▶ _Prompt_:
Copy out all of the lines below exactly; the pictures do not belong in the copy.

▶ _Collected material_:
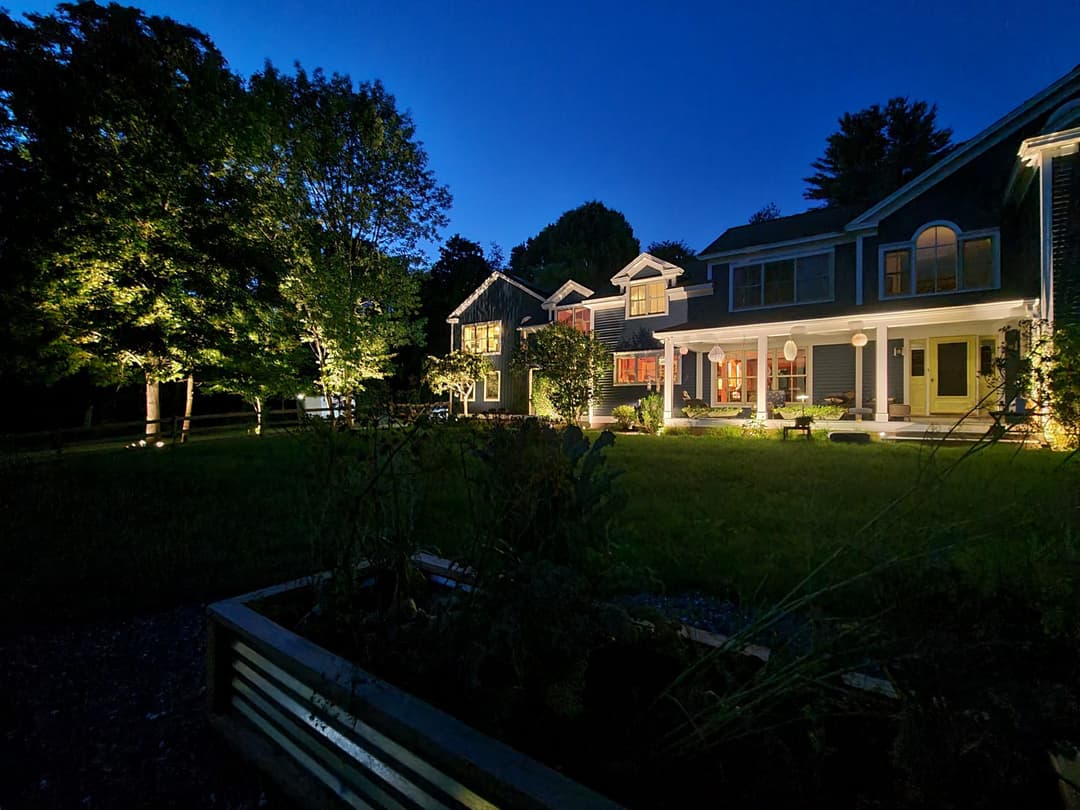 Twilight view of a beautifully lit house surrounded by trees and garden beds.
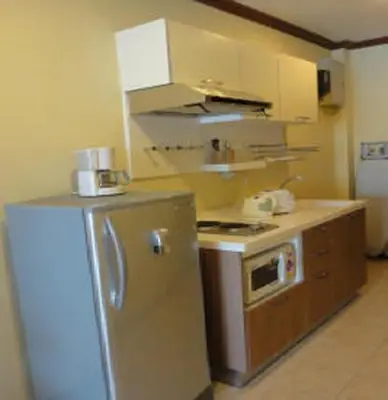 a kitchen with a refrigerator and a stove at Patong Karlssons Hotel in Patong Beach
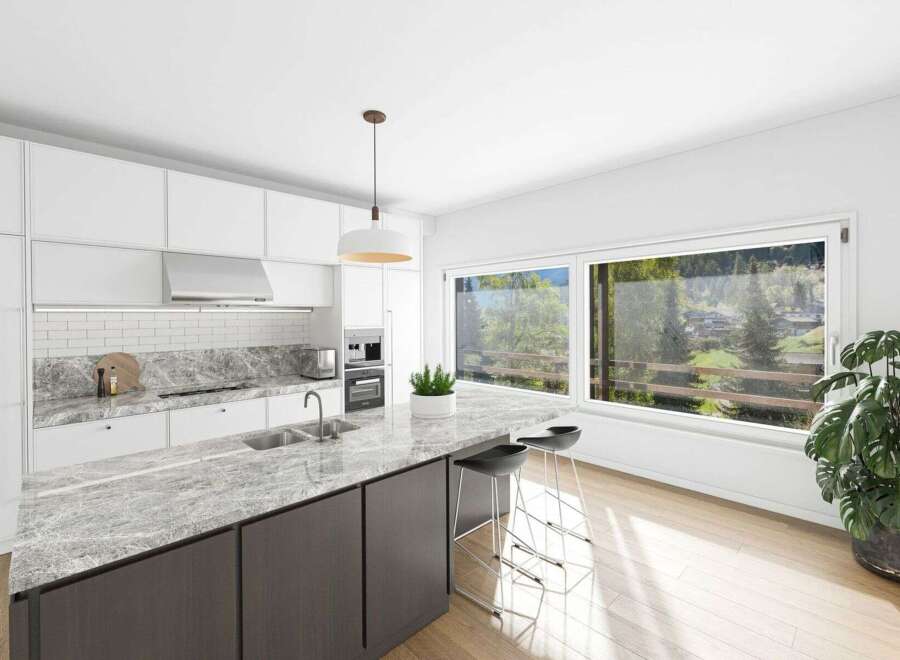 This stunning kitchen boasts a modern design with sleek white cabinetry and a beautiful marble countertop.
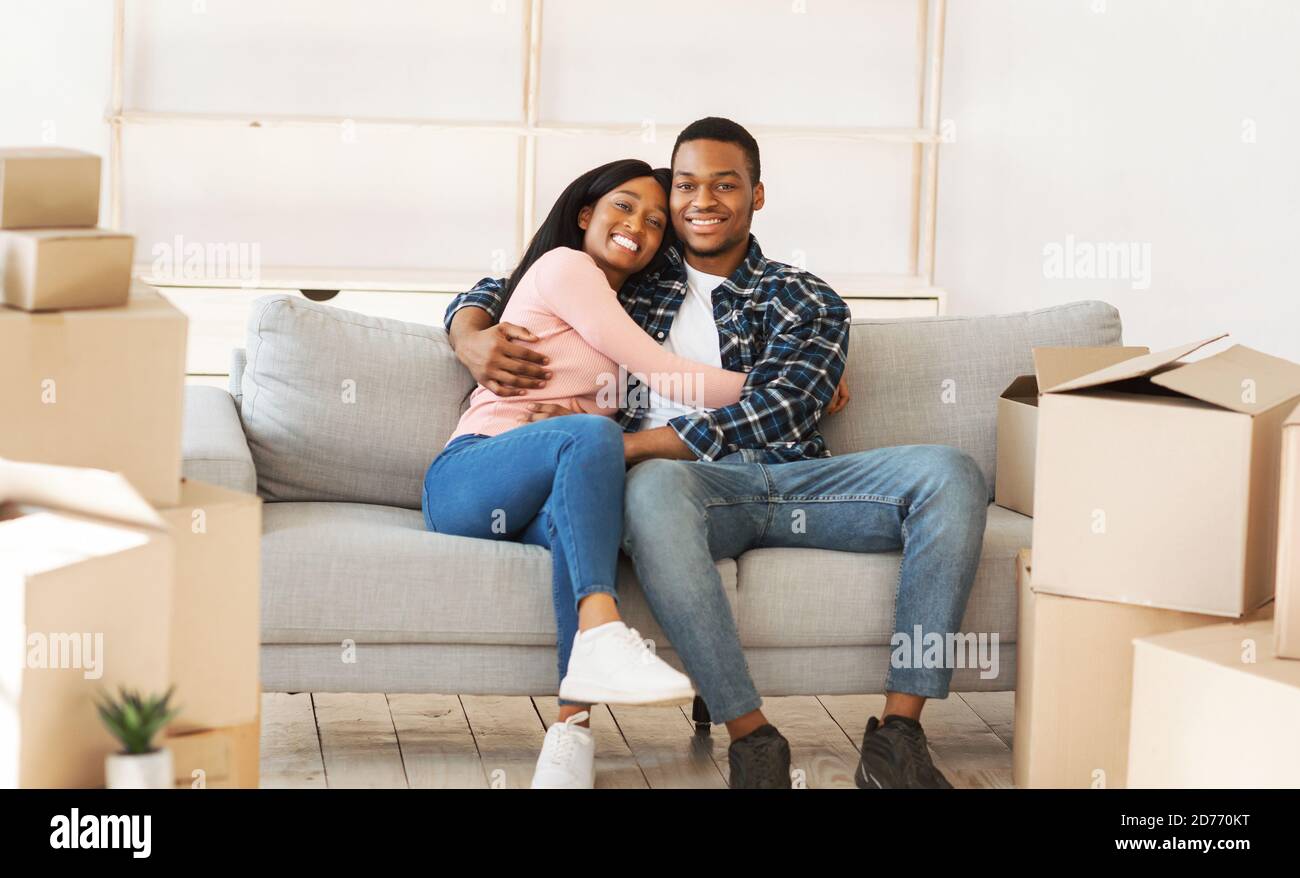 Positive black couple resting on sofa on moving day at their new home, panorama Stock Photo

▶ _Answer box_:
 Twilight view of a beautifully lit house surrounded by trees and garden beds.
 a kitchen with a refrigerator and a stove at Patong Karlssons Hotel in Patong Beach
 This stunning kitchen boasts a modern design with sleek white cabinetry and a beautiful marble countertop.
 Positive black couple resting on sofa on moving day at their new home, panorama Stock Photo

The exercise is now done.